As a real world application for this algorithm, look at television advertisements of arbitrary durations. Given time slots of, say, five minutes how do we pack the the most commercials into each time slot and maximize our daily profits. Think of free public service announcements or promo spots as unfilled bins.

Another example is scheduling tasks with known execution times on a set of identical machines. Minimize the number of machines needed for the whole project. This is actually the simplest form of a more complex problem. The task usually have an order of execution. The wire has to be on the wheel before the lug nuts, etc. But is another article for later.

To make the math easier, we assume that the items are sized in integer values from 1 to (k) where (k <= bin size). And to keep thing simple, the bins are size (v). I happen to like (v =12) because 12 has a lot of divisors and because I can use egg cartons and colored plastic eggs when I teach this problem.

It is obvious that we can not have an item of size zero. In spite of what people believe about suitcases, you cannot cram an oversized load into a bin. It is also obvious that if an item is the size of the bin then you have filled that bin and need to get to the next one. We know that the number of bins is between ceiling(sum(item_size)/ bin size) and (k), the number of items.

If the items are all of size one, then we can simply fill bins and use that lower limit of ceiling(sum(item_size) / bin_size). There are sophisticated algorithms for particular item sets, too.

But in the general case, we have to fall back on heuristics. Frankly, the good ones are done with procedural code and not SQL. But there are some quick heuristics that work very well in the real world.

The First Fit Algorithm provides ie fast, but often gives a non-optimal solution. It is just what you chink and the way that people pack a suitcase. This assumes that the items are in a queue and you have enough bins. Grab an item and put it into the first bin in which it will fit.

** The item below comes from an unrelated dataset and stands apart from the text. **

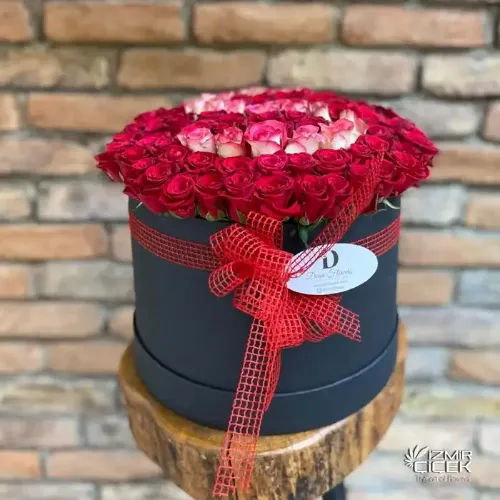 Derin Flowers Harfli Kutu Gül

The First Fit Algorithm requires ?(n log n) execution time, where (n) is the number of items to be packed. This is the same as a non-stable sorting algorithm. You can boost this algorithm by first sorting the list of items in decreasing order (First-Fit Decreasing Algorithm).

This does not guarantee an optimal solution, and for longer queues, it may increase the running time because of the extra sorting. It is known, however, that there always exists at least one ordering of the items queue that produces an optimal solution. You just cannot find it easily. In 1973, Jeffrey Ullman (a very important name in computer science) proved that this algorithm can differ from an optimal packing by as much at 70%.That same year, S. S. Johnson showed that this strategy is never suboptimal by more than 22%, and furthermore that no efficient bin-packing algorithm can be guaranteed to do better than 22%.

Another version is if this algorithm is the First-Fit Increasing Algorithm, which is the same queue sorted from smallest to largest item size. It has all the same problems and limits.

The Best Fit Algorithm needs some smarts. We you get the next item in the queue, you look over the partially filled bins for one which will be completely full if the item is added to it. This sounds like it ought to be optimal. Sorry, but it can fail, too. As an exercise, try writing a query to pick subsets of (n) items that total to the bin target bin size. If you cannot fill a bin, insert itnto the gin that will have the smallest space left; the best fit.

The (n = 1) case is trivial and it is one configuration that you have to have in the final solution. The cases for (n > 1) have to be done with self-joins.

The Worst Fit Algorithm has an unfortunate name. We look at the available partially filled bins and put the item into the bin with the most empty space.

There is a website with animations of of various algorithms from the University of Arizona's computer science department. It is a demonstration of the ICON programming language. It is as high level language that started off as a string manipulation language to replace SNOBOL and then it evolved.